The weaknesses of this approach are too numerous to mention, but here’s a start: Is it possible to reach consensual agreement on what is “specially produced or converted” so as to ban its use as a space weapon? How can ground-based systems be excluded? How can any state, including the United States, China and Russia, prove that existing capabilities, those in research and development, as well as black programs have not been specially produced or converted for ASAT purposes? Are we all supposed to take assurances at face value?
For all of these reasons and more, prospects for a treaty banning weapons in space are remote. In contrast, there is an excellent opportunity at present to strengthen a nascent international norm against further tests of hit-to-kill ASATs that produce long-lasting, lethal and indiscriminate space debris. In addition to doing this, the ICoC would facilitate visits to space launch sites, flight control centers, other outer space infrastructure facilities, observations of launches of space objects, and demonstrations of rocket and other space-related technologies. States that have cold feet about extending these invitations can’t possibly be expected to help verify compliance with more ambitious undertakings. The ICoC would also provide for welcome international consultative measures.

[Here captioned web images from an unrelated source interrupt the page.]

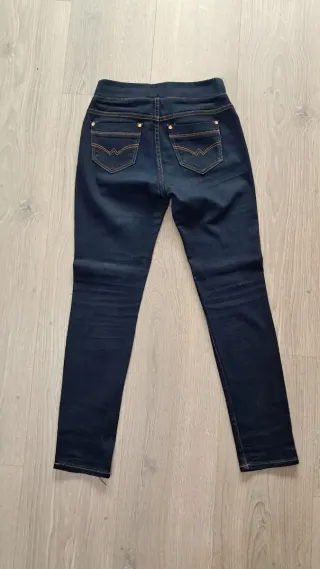 Pantalón vaquero pitillo oscuro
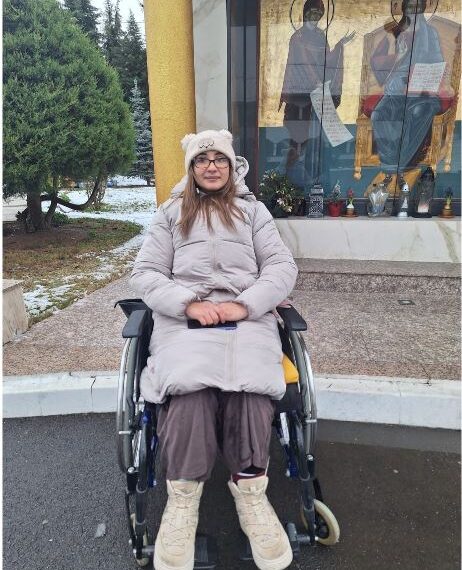 Elena Parapir, 23 de ani, mamă a doi copii, luptă cu un cancer mamar agresiv și are nevoie de sprijin pentru tratament.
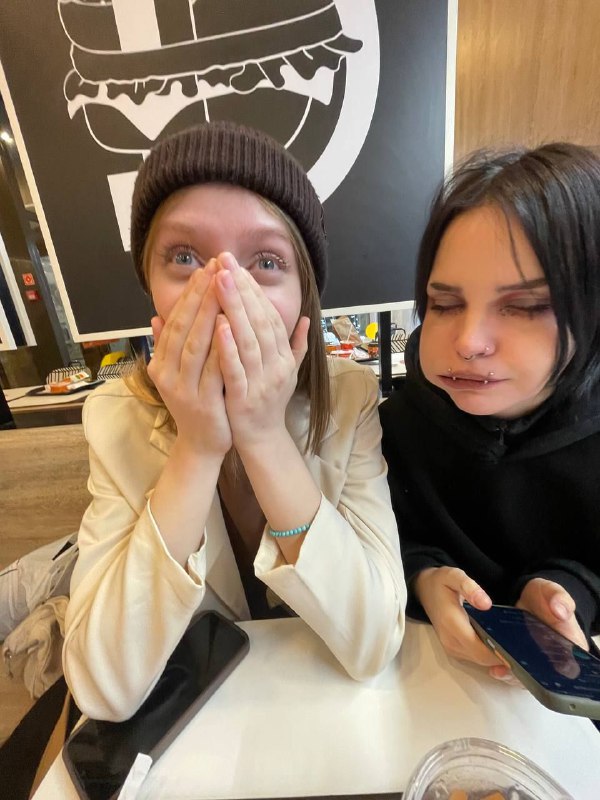 𝒀𝑨𝑵𝑪𝑯𝑬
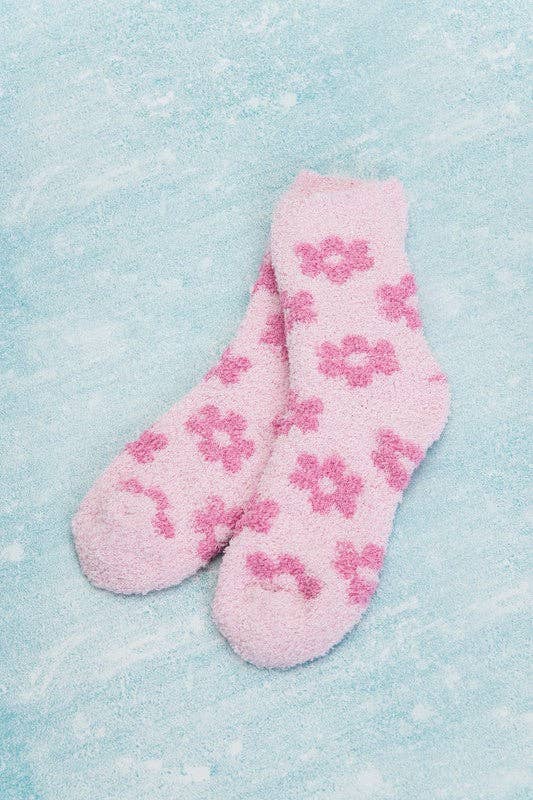 JOSSLYN by wall to wall - Wholesale Socks - Women's - WARM CORAL FLEECE PLUSH DAISY FUZZY SOCKS | 40S020470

So what’s the hold-up? The notion of an ambitious treaty alternative to the ICoC is both a holy grail for those who seek unrealistic outcomes and a dodge for those who wish to avoid pragmatic ones.
One way to get off this merry-go-round would be to supplement the ICoC with pledges by the three states that have carried out hit-to-kill ASAT tests to affirm what the ICoC clearly seeks to prevent: further ASAT tests that generate long-lived, indiscriminately lethal space debris. These pledges would be verifiable and incontrovertible – unlike pledges not to “specially” produce or “convert” multi-use technologies and hardware for space warfare. Offering pledges against further testing of K-E ASATs could help make the ICoC a reality. Reluctance to make these pledges will be clarifying, and would remove one veil of flimsy opposition to the ICoC. Other veils, including discomfort with transparency and military insistence on freedom of action, would remain.
The EU’s new draft has been released prior to “open-ended consultations” among space-faring nations in Bangkok from November 18-22. It’s one thing to strive for something better; it’s another to allow something better to be the enemy of the good. Will hold-outs and free-riders demonstrate their seriousness about the sustainable use of space, or seek continued refuge in specious reasoning?